Task: Go through the data below and gather each line containing "Retro".

*** Opening of Task data ***

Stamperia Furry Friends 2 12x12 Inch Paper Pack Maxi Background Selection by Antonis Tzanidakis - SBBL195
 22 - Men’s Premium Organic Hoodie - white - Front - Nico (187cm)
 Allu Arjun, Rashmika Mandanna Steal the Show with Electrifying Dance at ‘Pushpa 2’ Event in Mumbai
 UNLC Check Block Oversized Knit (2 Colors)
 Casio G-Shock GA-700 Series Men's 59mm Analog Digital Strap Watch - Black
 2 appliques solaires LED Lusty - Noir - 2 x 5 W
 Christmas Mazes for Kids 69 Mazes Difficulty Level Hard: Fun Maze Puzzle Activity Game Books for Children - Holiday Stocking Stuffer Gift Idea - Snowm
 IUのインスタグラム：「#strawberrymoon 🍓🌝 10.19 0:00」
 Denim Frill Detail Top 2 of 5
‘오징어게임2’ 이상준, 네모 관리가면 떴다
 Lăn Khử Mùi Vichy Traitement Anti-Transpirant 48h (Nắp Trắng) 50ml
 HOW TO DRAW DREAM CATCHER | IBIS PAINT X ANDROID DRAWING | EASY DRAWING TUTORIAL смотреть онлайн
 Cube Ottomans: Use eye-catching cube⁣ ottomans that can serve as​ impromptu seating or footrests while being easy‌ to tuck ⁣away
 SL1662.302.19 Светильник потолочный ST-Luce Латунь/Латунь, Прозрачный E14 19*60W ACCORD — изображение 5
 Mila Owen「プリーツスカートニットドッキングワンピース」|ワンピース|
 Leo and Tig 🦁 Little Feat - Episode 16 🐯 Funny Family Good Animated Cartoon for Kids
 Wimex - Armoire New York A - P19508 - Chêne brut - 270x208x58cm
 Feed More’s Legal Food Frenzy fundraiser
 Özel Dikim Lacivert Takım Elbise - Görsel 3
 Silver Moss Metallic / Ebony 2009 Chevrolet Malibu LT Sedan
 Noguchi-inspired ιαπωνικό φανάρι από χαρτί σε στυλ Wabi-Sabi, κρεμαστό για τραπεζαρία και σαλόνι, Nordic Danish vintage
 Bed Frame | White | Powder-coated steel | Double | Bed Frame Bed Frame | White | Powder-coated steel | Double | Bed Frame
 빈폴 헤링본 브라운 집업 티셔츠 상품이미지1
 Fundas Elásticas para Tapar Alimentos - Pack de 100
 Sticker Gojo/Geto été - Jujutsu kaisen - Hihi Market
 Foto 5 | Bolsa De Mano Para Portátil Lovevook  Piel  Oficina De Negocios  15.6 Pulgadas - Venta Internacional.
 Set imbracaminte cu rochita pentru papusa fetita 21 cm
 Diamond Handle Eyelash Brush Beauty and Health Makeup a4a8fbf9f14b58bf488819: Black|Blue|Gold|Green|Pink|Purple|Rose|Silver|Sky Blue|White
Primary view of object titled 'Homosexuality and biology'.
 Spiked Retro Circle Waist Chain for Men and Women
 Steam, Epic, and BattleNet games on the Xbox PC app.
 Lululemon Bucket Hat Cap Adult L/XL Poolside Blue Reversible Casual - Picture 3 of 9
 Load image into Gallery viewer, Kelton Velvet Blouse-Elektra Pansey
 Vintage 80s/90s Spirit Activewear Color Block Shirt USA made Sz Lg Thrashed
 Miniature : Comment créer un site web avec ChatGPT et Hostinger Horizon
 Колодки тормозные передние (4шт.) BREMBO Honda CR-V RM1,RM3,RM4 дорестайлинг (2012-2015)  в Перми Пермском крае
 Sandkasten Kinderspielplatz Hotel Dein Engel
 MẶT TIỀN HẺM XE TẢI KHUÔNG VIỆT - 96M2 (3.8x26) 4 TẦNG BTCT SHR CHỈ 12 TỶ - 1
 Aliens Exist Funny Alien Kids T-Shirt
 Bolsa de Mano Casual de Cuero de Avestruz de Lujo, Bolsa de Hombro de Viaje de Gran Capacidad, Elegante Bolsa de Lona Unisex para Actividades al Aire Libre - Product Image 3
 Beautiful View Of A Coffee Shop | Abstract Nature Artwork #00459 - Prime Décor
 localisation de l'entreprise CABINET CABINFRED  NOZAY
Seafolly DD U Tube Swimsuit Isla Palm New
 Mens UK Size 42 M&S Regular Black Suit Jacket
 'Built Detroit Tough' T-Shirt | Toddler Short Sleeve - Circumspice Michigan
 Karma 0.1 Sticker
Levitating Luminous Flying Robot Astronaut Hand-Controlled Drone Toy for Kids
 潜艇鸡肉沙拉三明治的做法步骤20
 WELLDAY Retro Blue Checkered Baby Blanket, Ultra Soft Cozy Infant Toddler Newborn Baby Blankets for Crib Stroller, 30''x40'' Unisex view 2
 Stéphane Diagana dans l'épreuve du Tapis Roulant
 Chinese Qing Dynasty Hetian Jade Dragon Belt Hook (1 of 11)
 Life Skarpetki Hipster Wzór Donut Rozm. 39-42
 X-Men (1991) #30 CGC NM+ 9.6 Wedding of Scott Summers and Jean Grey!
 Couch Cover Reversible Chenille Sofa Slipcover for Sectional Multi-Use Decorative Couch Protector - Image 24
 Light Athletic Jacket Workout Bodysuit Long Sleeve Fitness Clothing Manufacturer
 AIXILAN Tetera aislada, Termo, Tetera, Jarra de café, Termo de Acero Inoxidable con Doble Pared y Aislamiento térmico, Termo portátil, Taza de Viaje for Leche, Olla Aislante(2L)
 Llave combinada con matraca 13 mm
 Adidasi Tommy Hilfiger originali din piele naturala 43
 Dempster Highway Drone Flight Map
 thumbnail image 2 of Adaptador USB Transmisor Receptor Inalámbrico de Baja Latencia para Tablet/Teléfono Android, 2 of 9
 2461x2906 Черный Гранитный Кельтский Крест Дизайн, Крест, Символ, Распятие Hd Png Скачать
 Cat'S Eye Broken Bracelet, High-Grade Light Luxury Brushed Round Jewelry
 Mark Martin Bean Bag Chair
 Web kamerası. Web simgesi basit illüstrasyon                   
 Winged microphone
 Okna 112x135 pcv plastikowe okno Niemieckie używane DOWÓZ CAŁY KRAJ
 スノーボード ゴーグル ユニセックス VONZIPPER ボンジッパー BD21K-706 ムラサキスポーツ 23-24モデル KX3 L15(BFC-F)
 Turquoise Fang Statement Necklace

*** Close of Task data ***

Written response:
 Spiked Retro Circle Waist Chain for Men and Women
 WELLDAY Retro Blue Checkered Baby Blanket, Ultra Soft Cozy Infant Toddler Newborn Baby Blankets for Crib Stroller, 30''x40'' Unisex view 2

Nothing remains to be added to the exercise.